The Daiquiris, different story. They were a very good, 1960s-era rock ’n’ roll band and they played in local bars and taverns. All of the members of the Daiquiris went on to other careers, a couple of them were lawyers. The one thing that really appealed to me about the Daiquiris is the picture I use in the book, which was taken in downtown Amsterdam showing the downtown buildings behind the Daiquiris. They stopped traffic to take the picture, it was at the time the Beatles were doing, at the time, their sort of avant-garde pictures.
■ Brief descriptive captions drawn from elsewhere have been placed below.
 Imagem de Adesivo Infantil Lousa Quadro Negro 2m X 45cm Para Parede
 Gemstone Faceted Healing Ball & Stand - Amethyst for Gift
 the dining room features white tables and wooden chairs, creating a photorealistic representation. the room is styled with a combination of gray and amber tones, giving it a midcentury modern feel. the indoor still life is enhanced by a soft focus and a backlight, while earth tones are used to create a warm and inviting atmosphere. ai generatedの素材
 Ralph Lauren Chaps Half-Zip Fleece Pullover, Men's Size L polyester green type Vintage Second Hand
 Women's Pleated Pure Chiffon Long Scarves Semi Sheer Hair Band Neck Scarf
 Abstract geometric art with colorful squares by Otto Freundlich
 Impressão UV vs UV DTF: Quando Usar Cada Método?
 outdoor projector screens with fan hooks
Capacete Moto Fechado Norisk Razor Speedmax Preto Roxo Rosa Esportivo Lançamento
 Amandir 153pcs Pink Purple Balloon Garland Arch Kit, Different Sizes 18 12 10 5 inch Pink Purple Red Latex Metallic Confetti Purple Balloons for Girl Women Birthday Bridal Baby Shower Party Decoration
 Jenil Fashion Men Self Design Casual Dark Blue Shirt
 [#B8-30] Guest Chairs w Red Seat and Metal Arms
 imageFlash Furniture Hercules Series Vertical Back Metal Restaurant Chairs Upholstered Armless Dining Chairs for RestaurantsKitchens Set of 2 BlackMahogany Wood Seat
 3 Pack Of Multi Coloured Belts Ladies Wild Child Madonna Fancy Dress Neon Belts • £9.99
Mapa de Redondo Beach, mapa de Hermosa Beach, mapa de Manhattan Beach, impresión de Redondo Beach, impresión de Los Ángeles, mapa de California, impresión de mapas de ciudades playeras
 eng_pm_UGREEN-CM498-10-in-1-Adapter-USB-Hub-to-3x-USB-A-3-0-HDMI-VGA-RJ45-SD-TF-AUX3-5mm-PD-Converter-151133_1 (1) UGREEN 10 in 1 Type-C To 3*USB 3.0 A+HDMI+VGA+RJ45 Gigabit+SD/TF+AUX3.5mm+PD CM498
I thought it was such a remarkable thing that many of the buildings in the picture are gone, but the Daiquiris still survive, the guys are still around. But a lot of the buildings were torn down for urban renewal in Amsterdam.

Q: Will people talk about history on your radio show?

A: Yes, they do. It’s kind of an ongoing topic because people know I’m interested in history. I would say generally there’s been kind of a renaissance. There are a number of books that have come out in the past few years specifically about the eastern Mohawk Valley.

Sometimes it will surprise me what we’ll talk about. The other day, a gentleman called who wanted to know about a restaurant that followed a tavern that followed a card store in a certain part of town. Then other people will have memories. In terms of response I get from readers, I get more reactions from things that have happened in their lifetimes, things that they were told, maybe, as children.